# 7 channels driven vs 2 channels driven



## Stump909 (Jun 18, 2012)

I'm currently in the market for an AVR. Currently I have my choices narrowed down to a Denon 2313CI or a Onkyo 809. Here is where I'm confused: The onkyo is rated 135W 2-channels and the Denon is 105W 7 channels. For my 6.1 setup, would 7 discrete channels be optimal or is it just a marketing gimmick by Denon?
Theoretically discrete amps should be better, but why is the Onkyo similarly priced if it splits the power when more channels are being driven?


----------



## Jungle Jack (Jul 28, 2009)

Stump909 said:


> I'm currently in the market for an AVR. Currently I have my choices narrowed down to a Denon 2313CI or a Onkyo 809. Here is where I'm confused: The onkyo is rated 135W 2-channels and the Denon is 105W 7 channels. For my 6.1 setup, would 7 discrete channels be optimal or is it just a marketing gimmick by Denon?
> Theoretically discrete amps should be better, but why is the Onkyo similarly priced if it splits the power when more channels are being driven?


Hello,
While rated power is something I do not put a great deal of stock in usually, the Onkyos tend to come the closest to meeting the spec and often exceeding it. In addition, the 809 has what many believe to be the finest Video Processor chips in HQV Vida and Marvell Qdeo. And another big difference is the Onkyo offers Preamp Outputs for adding an Outboard Power Amplifier.

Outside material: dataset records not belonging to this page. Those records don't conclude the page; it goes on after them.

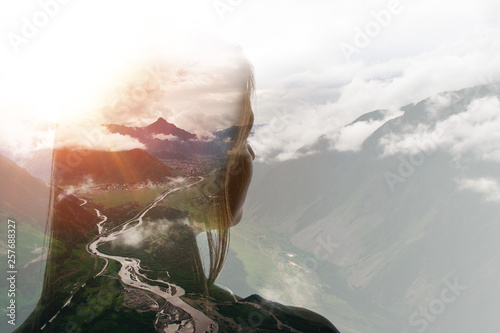 Schilderij op canvas Double exposure of girl and mountains in clouds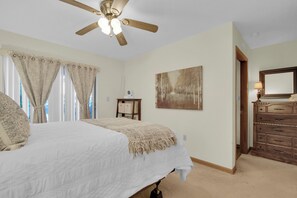 A bedroom with a bed, a ceiling fan, a painting, a dresser, and a window with curtains. - Sasquatch Beech 3BR Beech Mountain Home- Near Skiing- Fire pit- Sleeps 8 (Beech Mountain)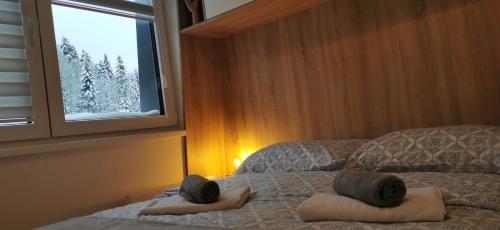 a bedroom with two towels on a bed with a window at Bjelašnica Vukov Vis 09 - apartment with a bedroom in Bjelašnica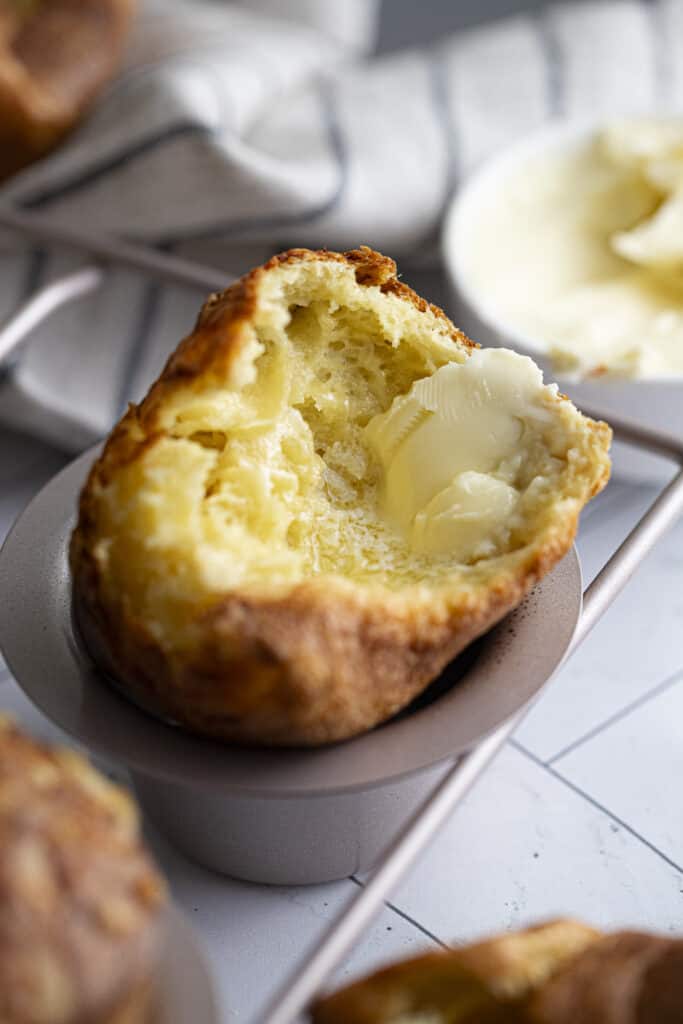 Zoomed in 45 degree photo of torn apart gruyere popover with melted butter inside in a popover pan on a white marble countertop.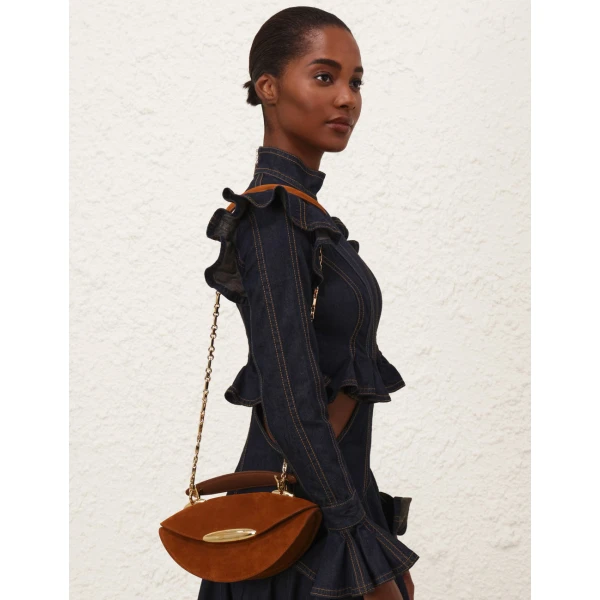 Elevate your elegance in this Zimmermann Tops available now at Luxury Shoes 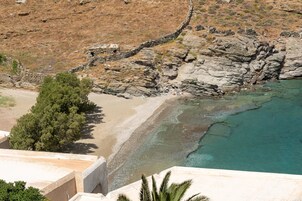Un paisaje costero con terreno rocoso, una playa y mar azul cristalino.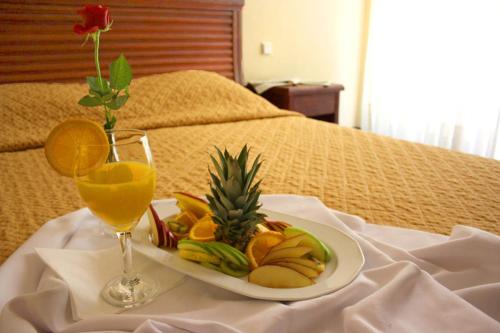 a plate of fruit and a glass of orange juice on a table at Xenia Hotel Drama in Drama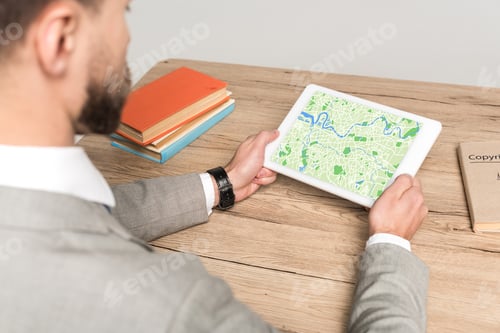 Preview: cropped view of businessman using digital tablet with map on screen isolated on grey
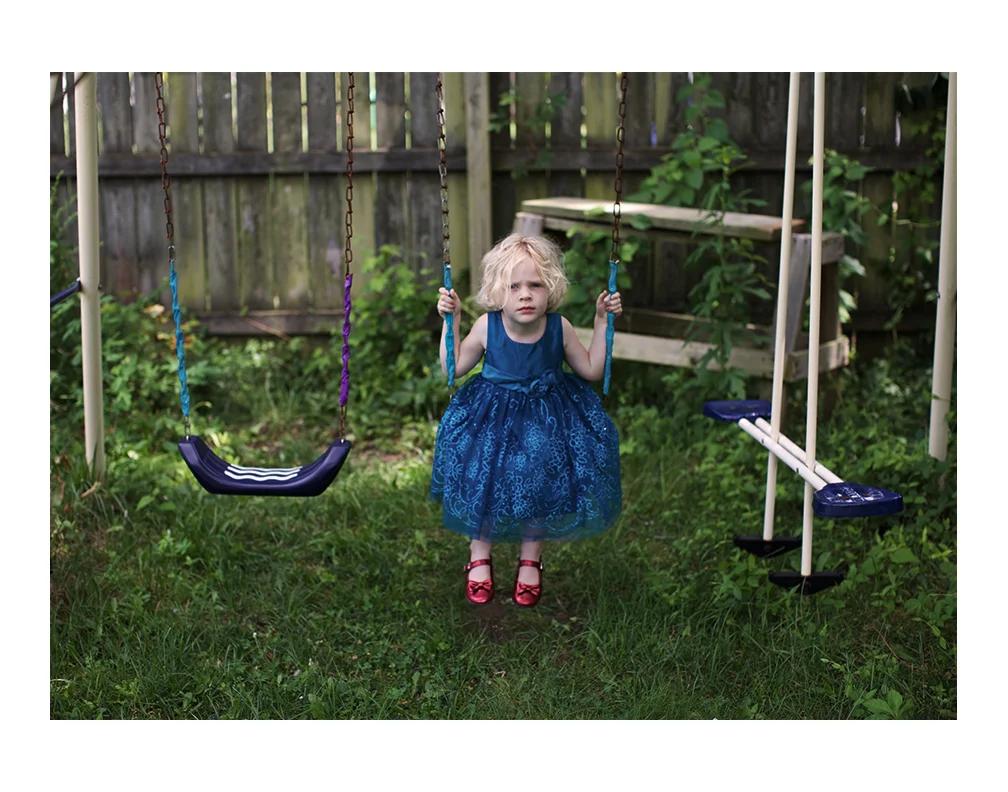 Elena wanting to swing in her backyard.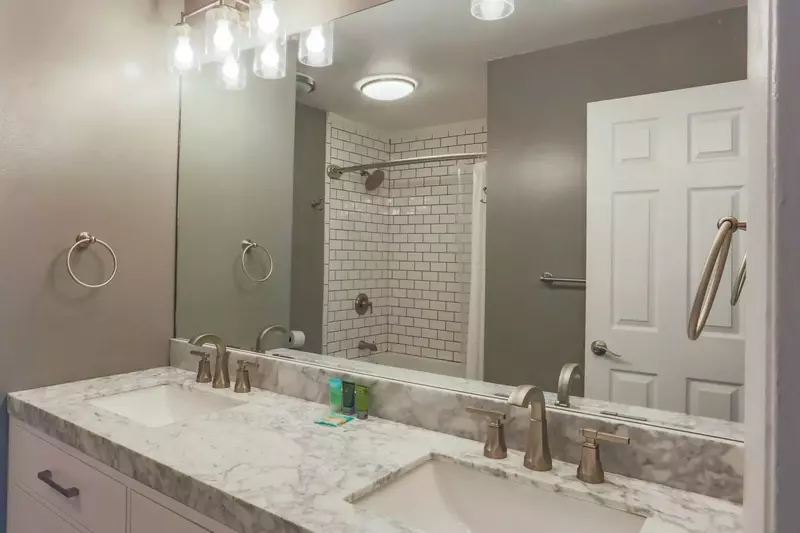 The renovated en suite bathroom has a double sink vanity.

The Denon offers Airplay Support and will more than likely also offer better Resale Value. Moreover, unless you are using inefficient speakers and or are using a large room for your HT, the Denon probably offers more than enough power. Especially if using a Subwoofer and crossing over all channels to 80hz. All the same, I would go with the Onkyo as it offers more flexibility, better Video Processing, THX Post Processing, and more power. The Denon will more than likely run cooler and Denon makes a very reliable AVR.
Cheers,
JJ


----------



## tonyvdb (Sep 5, 2007)

besides what jack points out Here is the way I see it, the Denon weighs 24lbs and the Onkyo weighs 40lbs that in its self says a lot as to it capability to output much closer to its rated specifications. hands down the 809 wins if your looking for a solid receiver.


----------



## Stump909 (Jun 18, 2012)

Thanks for the input. The video processors do sound nice, but what sort of impact would they have on input lag (video games)? Also would the ISF calibrations be more efficient than editing the settings on my projector? My speakers are rather inefficient as well. I bought 6 Infinity p363's during the Fry's fire sale and even though they are rated 8-ohms, the reviews I read clearly show they dip into 4-ohms at certain frequencies. If I'm not mistaken, you think inefficient speakers would work better with the Onkyo?


----------



## Jungle Jack (Jul 28, 2009)

Stump909 said:


> Thanks for the input. The video processors do sound nice, but what sort of impact would they have on input lag (video games)? Also would the ISF calibrations be more efficient than editing the settings on my projector? My speakers are rather inefficient as well. I bought 6 Infinity p363's during the Fry's fire sale and even though they are rated 8-ohms, the reviews I read clearly show they dip into 4-ohms at certain frequencies. If I'm not mistaken, you think inefficient speakers would work better with the Onkyo?



If anything, using the AVR to upsample to 1080p, would more than likely decrease the input lag as the Projector would be fed its Native Resolution. The 809 would not really break a sweat driving the Primus array. Indeed, if using an AVR with a weak Power Supply, it could run into issues.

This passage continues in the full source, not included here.